The next two days were at Fenway Park, though: a frustrating loss to the A's on Tuesday, the second game in a row where I watched Greg Weissert let inherited runners score and ruin a fun game with a young pitcher making their first start at Fenway Park; then a 10-inning walk-off win on Wednesday. Only a little baseball left at Fenway this year, so I'm catching a fair amount while I can.
Thursday night, I hit the night-before show of Afterburn, which has a premise that probably deserves a bigger budget than it got. The next night was the rare second trip to the Seaport in a week because the Alamo was actually playing things I couldn't see without getting on the airport bus, for Adulthood.
Saturday night, I opted to head to the Coolidge for the late show of Peking Opera Blues, knowing full well from a couple weeks ago that the MBTA's new later hour(s) are kind of unevenly applied and I (a) had a Hong Kong Blu-ray still in the plastic and (b) would be receiving the new Shout Factory UHD on Tuesday. No regrets, though; it's great with a crowd and on the big screen. I really hope the Brattle or Somerville has the Shout restorations at a reasonable hour sometime later this fall, because you've got to think people would show up for Hard Boiled projected in 4K laser if they could get home afterward.
Because those later trains are kind of only good in one direction at 2am, as people try to get from downtown to the suburbs: Both times, there were a couple more outbound green line trains at Coolidge Corner but no more inbound, so my route home was "take the 66 bus to Harvard and then walk 45 minutes at 3am"), and, yeah, that messed me up for the next day or so, such that I finally got to the second-to-last show of Honey Don't!", and, yeah, I'd like to see the Coens working together rather than separately.
So that's one week caught up; follow my Letterboxd account for first (and, sadly, sometimes the only) drafts.
Play Dirty
* * ¼ (out of four)
Seen 15 September 2025 in Alamo Seaport #5 (preview, laser DCP)
Where to stream it (when available) (Prime link)
I suppose that Play Dirty mostly suffers in comparison to other things, and not writer/director Shane Black's other movies or Point Blank (not just one of my favorite Stark adaptations, but one of my favorite movies, period): I saw it 24 hours after Night of the Juggler and, boy, does the difference between that movie's real cars scraping and smashing each other while this one's digital simulations fly through the air not favor the newer movie.

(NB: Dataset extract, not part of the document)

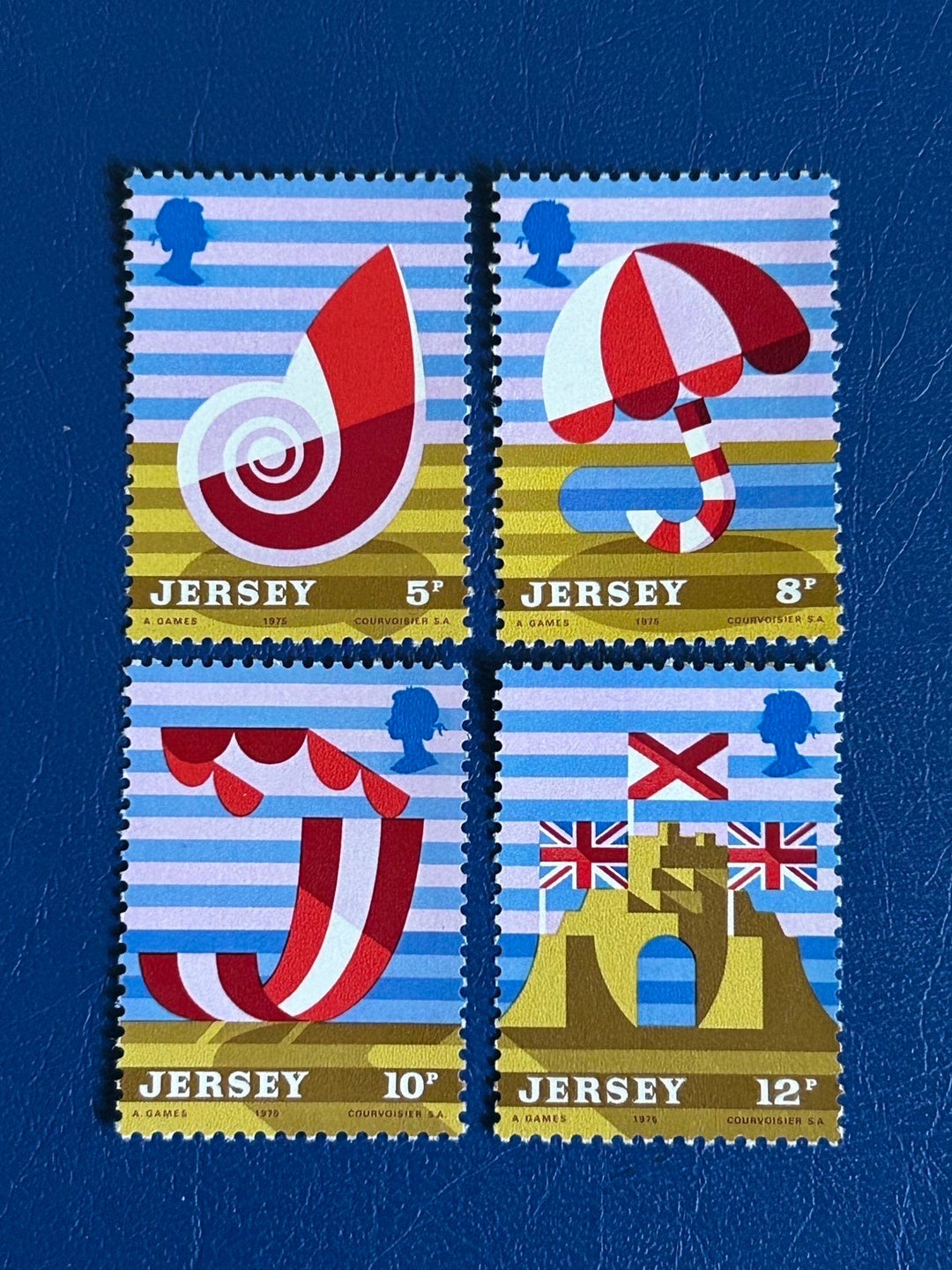 Jersey - Original Vintage Postage Stamps - 1975 - Tourism - for the collector, artist or crafter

That's on top of Mark Wahlberg just not being in Lee Marvin's league as Parker, even if Marvin didn't use the name. That was a given, after all.

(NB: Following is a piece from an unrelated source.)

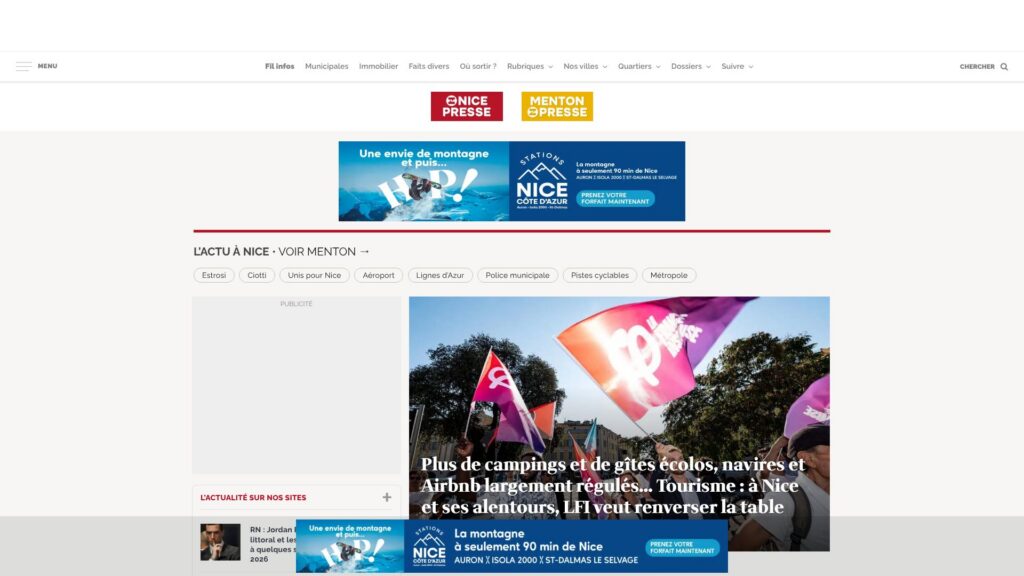 Screenshot of backlink nicepresse.com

But then, Shane Black seems to be channeling Donald E. Westlake more than his alias Richard Stark, throwing off smart aleck comments and smirking at mayhem in a way that doesn't quite work if you're expecting a story about a cool, professional thief. It's not up there with his best; the Christmas setting seems more obligatory than mood-enhancing, for instance, and there's almost too much action before the big finale. It's still a Shane Black film, at least, with some fun characters, wry genre-awareness, and enough love of pulp to build a heist around sunken treasure.

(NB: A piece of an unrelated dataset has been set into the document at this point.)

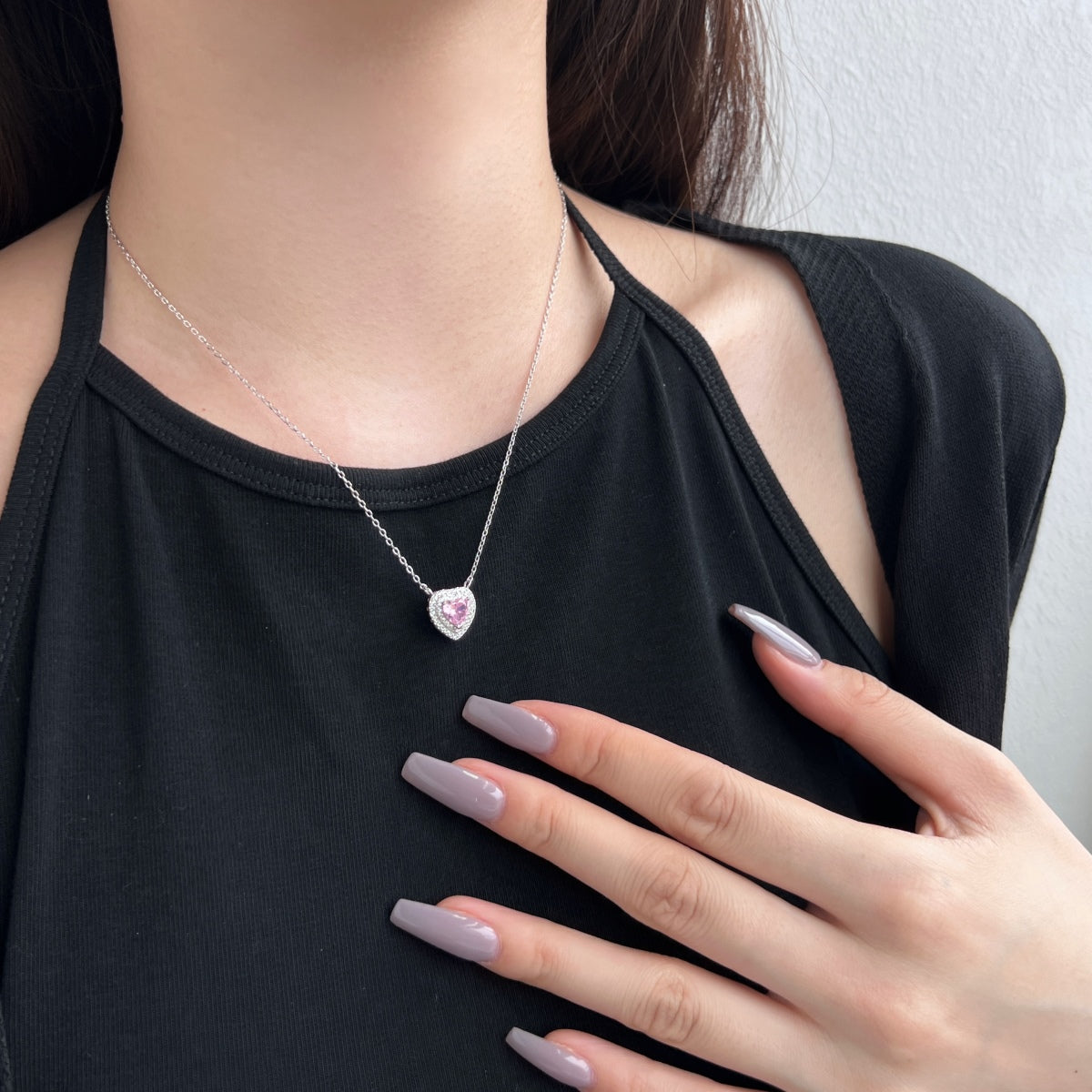 [Lora-Jewelry]Exquisite Heart Shape Necklace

Maybe coming in without expectations would help, but it just feels second-rate in a lot of ways. Wahlberg isn't just no Parker, but his character with that name isn't really anything, apparently by design (during the live-streamed Q&A, Black talked about giving him an origin story that makes him more likable, something Westlake avoided), not the guy for a story where the suspense seems to be built out of what sort of amorality will win Parker over: Will he team with Zen because the score is big enough to put past differences behind them, or take her out because not looking out for your partners is bad for business? Rosa Salazar gives a performance as Zen that suggests her talk about falling for Parker by the end is real, but everything that would make the audience believe it is cut out. The action is big but flimsy-looking, and there's never really a space where it slows down enough to get at the characters or genre trappings the way Black's best movies do.
I do kind of love LaKeith Stanfield's Grofield, though I haven't read enough of the books to tell how true he is to the source material. He's great, though, easy to believe as both Parker's trusted ally, and someone who approaches his life of crime from a completely different direction. He just wants to run a little experimental theater that can't possibly turn a profit, so the way to fund it is by being good at stealing. In a lot of ways, that's something an audience can connect with a lot better than Parker, and Stanfield's energetic performance easily steals the show.
Afterburn
* * (out of four)
Seen 18 September 2025 in AMC Boston Common #12 (first-run, laser DCP)
Where to stream it (when available)
Hey, Nimród Antal with a screenplay credit! Seems like it's been a while, but Retribution was just a couple years ago. Not that he and the other writers necessarily turned in a great script, but it's kind of let down by the execution.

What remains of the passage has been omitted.